Showing posts with label Booking Through Thursday. Show all posts
Showing posts with label Booking Through Thursday. Show all posts

Thursday, July 24, 2008

Beginnings

btt button

Suggested by: Nithin

Here’s another idea about memorable first lines from books.

What are your favourite first sentences from books? Is there a book that you liked specially because of its first sentence? Or a book, perhaps that you didn’t like but still remember simply because of the first line?


I am going to answer today, but concede to my laziness and be brief. I'm going to go with the excuse that brevity is the soul of wit (well, it is isn't it?).

I have to admit that, "Call me Ishmael." doesn't really do anything for me, but my favorite first line that I can recall from memory comes from a book I haven't even read yet, is not a classic and has nothing to do with a whale.

Here goes:

"Dear Carrie Bradshaw,
You are a f***ing liar."

to which I respond:

Dear Jen Lancaster,

You crack me up. I love your blog and I can't wait to read Bright Lights, Big Ass. Let's drink some mojitos and be best friends. And promise to never ever read Moby Dick.

Irreverently Yours,

Jessica

Thursday, July 17, 2008

Booking Through Thursday: Vacation Spots

I've been reading other bloggers' weekly Booking Through Thursday posts for a while, but this will be my inaugural BTT post. This week's question is:

Do you buy books while on vacation/holiday?

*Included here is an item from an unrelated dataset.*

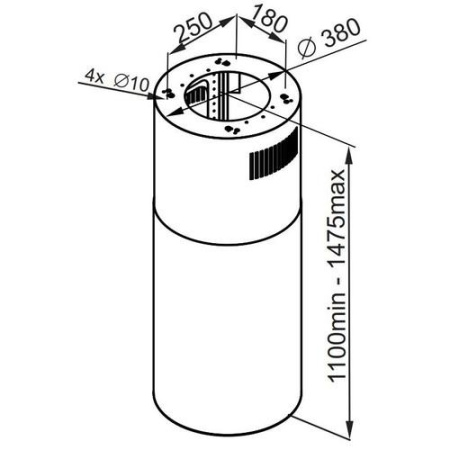 Вытяжка островная MAUNFELD LEE PUSH 39 белый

Do you have favorite bookstores that you only get to visit while away on a trip?

What/Where are they?

I knew I was going to love Washington D.C. when I looked out my hotel room window. Against the backdrop of old brick buildings, historical landmarks and the hustle and bustle of crowds of intellectuals and politicos I could see not one, but two bookstores. We don’t have many local, independently owned bookstores in Las Vegas so I have trouble resisting a peek at the stacks of places like Kramer Books & Afterwords Café on Dupont Circle in D.C., which also happens to have a killer lunch menu and a bar inside the bookstore. It just doesn’t get much better than that.

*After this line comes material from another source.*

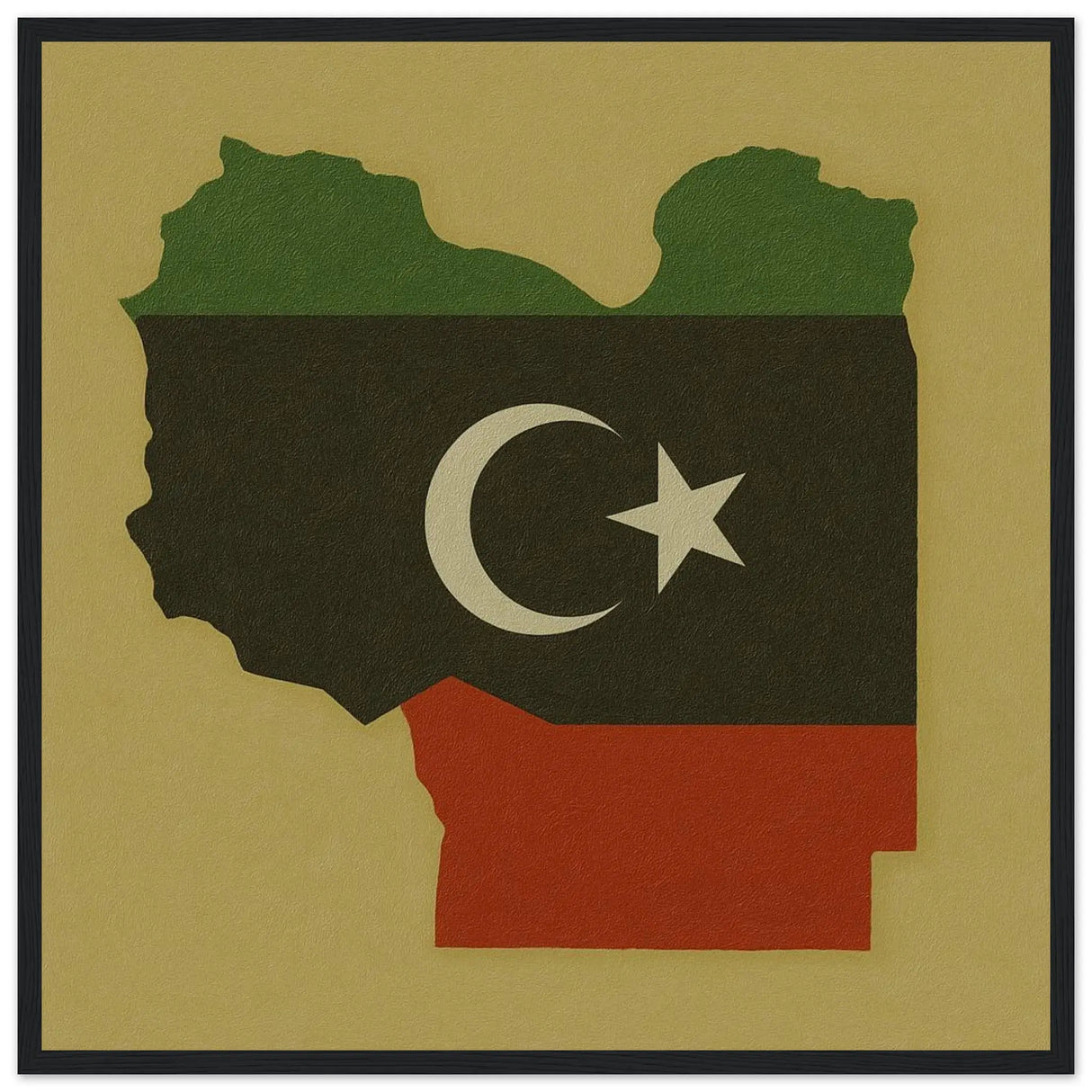 Cadre drapeau libye en bois affiche encadrée décorative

But while I do love to browse through bookstores while traveling, I don’t often make book purchases away from home for several reasons: A) Its one more thing I’ll have to lug around with me. B) Its very likely I can get it cheaper on Amazon, and the main reason C) l hate to have a stack of more than two or three books at home waiting to be read. If I accumulate too many, by the time I get to them I have usually lost interest because I am excited to read something else.

There are two exceptions I can think of:

¿Dónde esta Harry Potter?
When our overnight train pulled into the station in Madrid at the end of our Camino last summer, I was on a mission. I had to limp all the way, but I was determined not to leave Spain without a copy of the newly released Harry Potter and the Deathly Hallows, in English. I’d tracked down an English language bookstore that was holding a copy for me and after about an hour of being lost, we found the address listed on their website. Only when we got there, the building was empty. Frustrated but undaunted, we called our friend Jeremy back in the US, the only one of our friends who could possibly be up at 3am and he graciously looked up the bookstore’s phone number for us. We called and found the new location a few blocks away and I had my Harry Potter for the plane ride home.


When in Stratford
It seemed almost sacrilegious to leave the idyllic English countryside town that gave birth to Shakespeare without some work of literature. Though ironically, what I picked was not a book of sonnets or a comedic play involving a woman disguising herself as a man but The Importance of Being Earnest by Oscar Wilde.